§ The problem
Give back only the lines in the records below from the one with "Nike Air Max 95 Black Neon FV4710-001" to the one with "Gites Des Flandaines", both inclusive, word for word.

§ Supplied entries
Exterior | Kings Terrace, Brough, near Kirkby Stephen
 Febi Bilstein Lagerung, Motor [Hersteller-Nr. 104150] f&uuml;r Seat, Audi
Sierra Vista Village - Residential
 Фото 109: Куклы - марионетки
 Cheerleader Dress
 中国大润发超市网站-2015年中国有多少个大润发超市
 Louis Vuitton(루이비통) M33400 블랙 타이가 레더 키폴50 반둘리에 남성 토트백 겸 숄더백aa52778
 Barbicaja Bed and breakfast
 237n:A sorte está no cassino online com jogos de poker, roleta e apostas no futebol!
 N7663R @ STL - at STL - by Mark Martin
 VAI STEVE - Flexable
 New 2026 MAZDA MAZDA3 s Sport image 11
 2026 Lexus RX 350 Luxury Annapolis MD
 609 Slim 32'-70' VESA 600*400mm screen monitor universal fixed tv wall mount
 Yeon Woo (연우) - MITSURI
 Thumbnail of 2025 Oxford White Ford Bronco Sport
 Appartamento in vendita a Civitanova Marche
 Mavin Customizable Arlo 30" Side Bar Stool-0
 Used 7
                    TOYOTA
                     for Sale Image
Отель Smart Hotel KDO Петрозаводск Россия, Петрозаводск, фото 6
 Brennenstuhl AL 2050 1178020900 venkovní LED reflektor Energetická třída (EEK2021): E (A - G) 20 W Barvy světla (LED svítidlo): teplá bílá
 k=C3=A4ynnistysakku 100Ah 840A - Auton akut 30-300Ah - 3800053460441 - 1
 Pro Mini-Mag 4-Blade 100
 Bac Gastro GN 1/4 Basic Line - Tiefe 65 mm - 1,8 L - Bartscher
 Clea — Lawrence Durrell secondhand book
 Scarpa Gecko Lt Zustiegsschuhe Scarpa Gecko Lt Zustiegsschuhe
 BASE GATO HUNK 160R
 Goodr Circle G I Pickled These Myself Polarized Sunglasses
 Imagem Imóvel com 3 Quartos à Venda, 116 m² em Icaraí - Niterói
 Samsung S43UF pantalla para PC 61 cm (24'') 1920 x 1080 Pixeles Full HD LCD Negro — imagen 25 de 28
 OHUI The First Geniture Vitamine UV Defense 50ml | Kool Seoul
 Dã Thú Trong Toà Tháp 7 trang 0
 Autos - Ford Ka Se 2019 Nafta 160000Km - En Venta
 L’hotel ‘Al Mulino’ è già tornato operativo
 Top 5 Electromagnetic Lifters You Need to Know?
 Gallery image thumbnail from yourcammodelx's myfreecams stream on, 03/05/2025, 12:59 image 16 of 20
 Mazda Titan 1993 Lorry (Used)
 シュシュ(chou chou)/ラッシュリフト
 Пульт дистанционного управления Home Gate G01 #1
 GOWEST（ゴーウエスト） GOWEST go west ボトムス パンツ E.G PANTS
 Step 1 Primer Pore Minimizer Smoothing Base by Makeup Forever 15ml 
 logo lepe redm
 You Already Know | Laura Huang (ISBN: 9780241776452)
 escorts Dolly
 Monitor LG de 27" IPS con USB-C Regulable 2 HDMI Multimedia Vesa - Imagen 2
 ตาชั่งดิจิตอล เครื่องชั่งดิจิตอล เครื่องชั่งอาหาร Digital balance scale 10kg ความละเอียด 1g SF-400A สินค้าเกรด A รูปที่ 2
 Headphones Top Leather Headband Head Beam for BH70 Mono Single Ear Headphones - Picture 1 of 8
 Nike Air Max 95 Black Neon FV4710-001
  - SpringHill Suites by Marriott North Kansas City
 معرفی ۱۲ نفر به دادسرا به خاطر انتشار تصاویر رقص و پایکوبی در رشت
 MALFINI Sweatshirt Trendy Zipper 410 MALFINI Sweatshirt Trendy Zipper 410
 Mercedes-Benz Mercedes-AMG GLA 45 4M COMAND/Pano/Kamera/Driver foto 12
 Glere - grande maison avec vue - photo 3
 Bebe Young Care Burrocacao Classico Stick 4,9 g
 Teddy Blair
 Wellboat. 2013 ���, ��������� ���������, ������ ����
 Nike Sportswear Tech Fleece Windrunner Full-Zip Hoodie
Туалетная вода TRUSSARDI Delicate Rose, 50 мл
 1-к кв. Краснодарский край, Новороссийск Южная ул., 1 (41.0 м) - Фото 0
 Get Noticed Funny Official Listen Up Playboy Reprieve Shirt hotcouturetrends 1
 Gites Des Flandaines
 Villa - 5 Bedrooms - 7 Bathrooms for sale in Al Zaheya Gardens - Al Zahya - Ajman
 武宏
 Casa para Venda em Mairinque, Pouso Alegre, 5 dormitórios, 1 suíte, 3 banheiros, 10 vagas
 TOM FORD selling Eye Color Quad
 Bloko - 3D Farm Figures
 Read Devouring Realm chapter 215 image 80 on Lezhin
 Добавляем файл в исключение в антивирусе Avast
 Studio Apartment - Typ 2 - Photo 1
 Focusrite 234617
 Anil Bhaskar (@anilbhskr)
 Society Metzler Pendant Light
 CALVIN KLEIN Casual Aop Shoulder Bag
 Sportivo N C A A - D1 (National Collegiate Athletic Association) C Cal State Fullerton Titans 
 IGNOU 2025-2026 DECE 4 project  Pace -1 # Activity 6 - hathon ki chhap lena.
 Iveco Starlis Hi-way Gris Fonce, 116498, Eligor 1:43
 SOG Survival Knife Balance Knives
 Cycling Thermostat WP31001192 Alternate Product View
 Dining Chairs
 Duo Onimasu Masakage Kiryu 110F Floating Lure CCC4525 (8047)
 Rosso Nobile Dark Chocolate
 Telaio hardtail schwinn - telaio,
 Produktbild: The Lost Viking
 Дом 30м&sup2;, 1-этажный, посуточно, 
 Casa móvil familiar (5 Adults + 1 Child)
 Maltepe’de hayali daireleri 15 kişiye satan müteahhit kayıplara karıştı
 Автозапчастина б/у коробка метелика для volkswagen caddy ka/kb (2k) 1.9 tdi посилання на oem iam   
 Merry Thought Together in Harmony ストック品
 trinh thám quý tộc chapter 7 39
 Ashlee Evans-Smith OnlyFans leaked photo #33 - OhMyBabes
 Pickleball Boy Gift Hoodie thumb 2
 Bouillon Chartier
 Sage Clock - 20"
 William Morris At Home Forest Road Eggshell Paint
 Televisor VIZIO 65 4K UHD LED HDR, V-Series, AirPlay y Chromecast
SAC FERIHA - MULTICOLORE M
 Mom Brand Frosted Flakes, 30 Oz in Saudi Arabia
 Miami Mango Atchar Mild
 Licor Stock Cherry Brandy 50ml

§ Result
 Nike Air Max 95 Black Neon FV4710-001
  - SpringHill Suites by Marriott North Kansas City
 معرفی ۱۲ نفر به دادسرا به خاطر انتشار تصاویر رقص و پایکوبی در رشت
 MALFINI Sweatshirt Trendy Zipper 410 MALFINI Sweatshirt Trendy Zipper 410
 Mercedes-Benz Mercedes-AMG GLA 45 4M COMAND/Pano/Kamera/Driver foto 12
 Glere - grande maison avec vue - photo 3
 Bebe Young Care Burrocacao Classico Stick 4,9 g
 Teddy Blair
 Wellboat. 2013 ���, ��������� ���������, ������ ����
 Nike Sportswear Tech Fleece Windrunner Full-Zip Hoodie
Туалетная вода TRUSSARDI Delicate Rose, 50 мл
 1-к кв. Краснодарский край, Новороссийск Южная ул., 1 (41.0 м) - Фото 0
 Get Noticed Funny Official Listen Up Playboy Reprieve Shirt hotcouturetrends 1
 Gites Des Flandaines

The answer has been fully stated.